START DATA RECORDS

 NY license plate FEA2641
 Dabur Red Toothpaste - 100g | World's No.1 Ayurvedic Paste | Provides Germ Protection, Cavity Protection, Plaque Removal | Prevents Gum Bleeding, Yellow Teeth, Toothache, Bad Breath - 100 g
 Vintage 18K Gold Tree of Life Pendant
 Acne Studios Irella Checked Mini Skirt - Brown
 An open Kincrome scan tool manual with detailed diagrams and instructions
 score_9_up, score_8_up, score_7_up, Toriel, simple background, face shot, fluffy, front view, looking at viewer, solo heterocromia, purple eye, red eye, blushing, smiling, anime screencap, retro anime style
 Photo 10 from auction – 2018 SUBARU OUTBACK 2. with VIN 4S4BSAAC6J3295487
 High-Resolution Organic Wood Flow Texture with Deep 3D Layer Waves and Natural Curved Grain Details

END DATA RECORDS
START DATA RECORDS

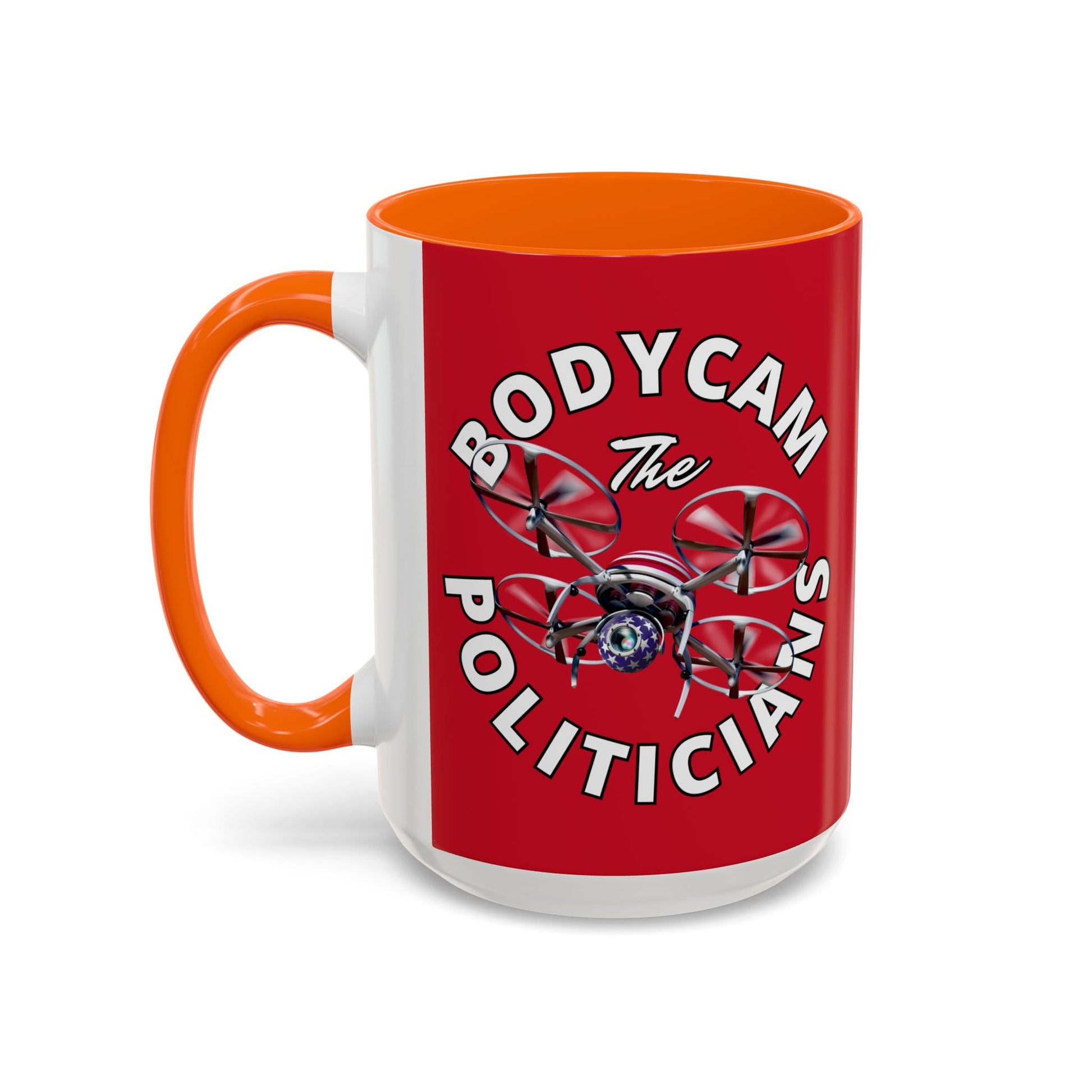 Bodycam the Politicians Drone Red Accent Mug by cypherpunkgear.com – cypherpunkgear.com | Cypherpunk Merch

END DATA RECORDS
START DATA RECORDS

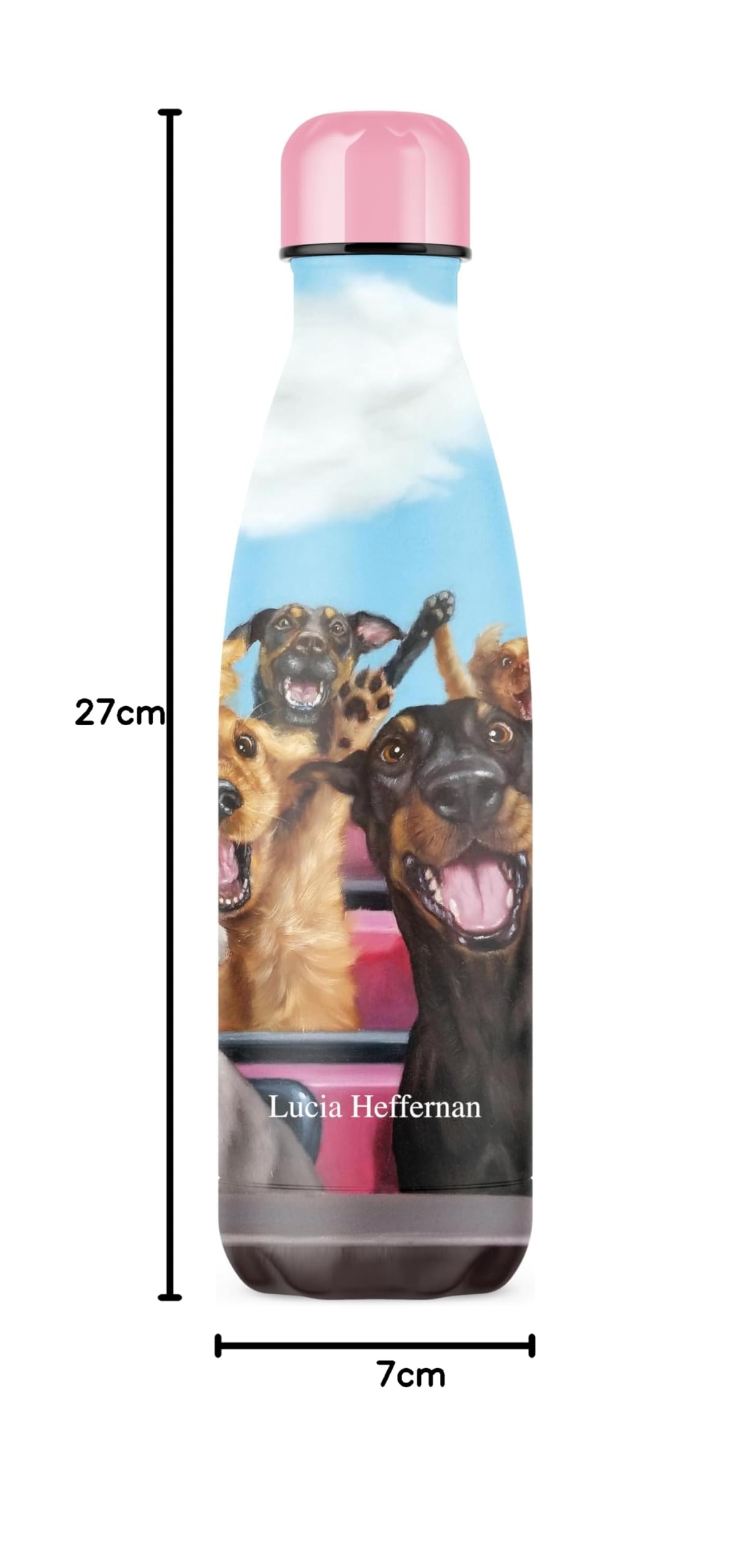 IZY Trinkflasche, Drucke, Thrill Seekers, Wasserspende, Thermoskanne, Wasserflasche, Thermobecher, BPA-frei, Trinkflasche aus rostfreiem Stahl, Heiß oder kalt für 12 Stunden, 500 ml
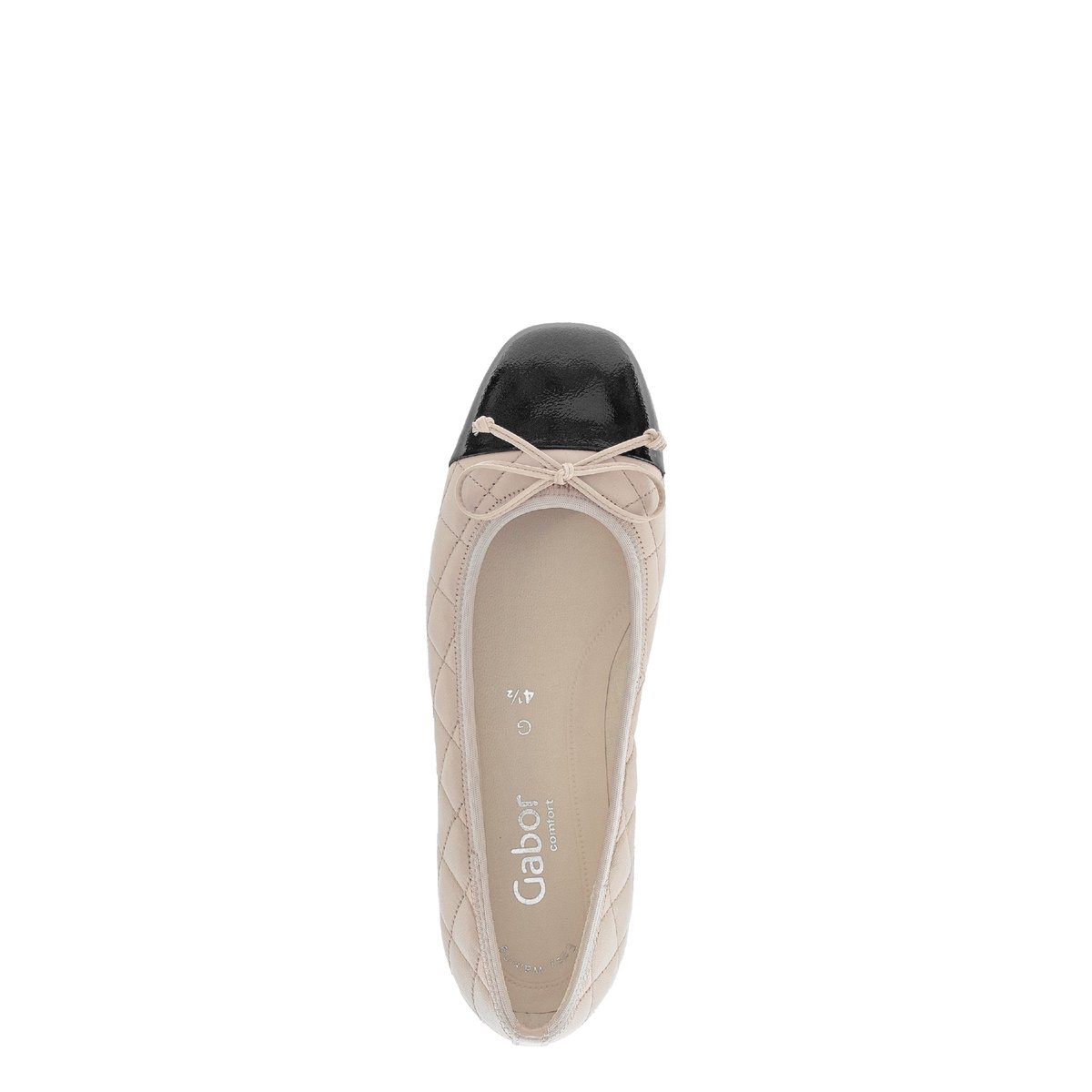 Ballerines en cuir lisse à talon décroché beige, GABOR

END DATA RECORDS

Say the number of lines in the records above that include the string "with", and no more.

**SOLVED PROBLEM:** 3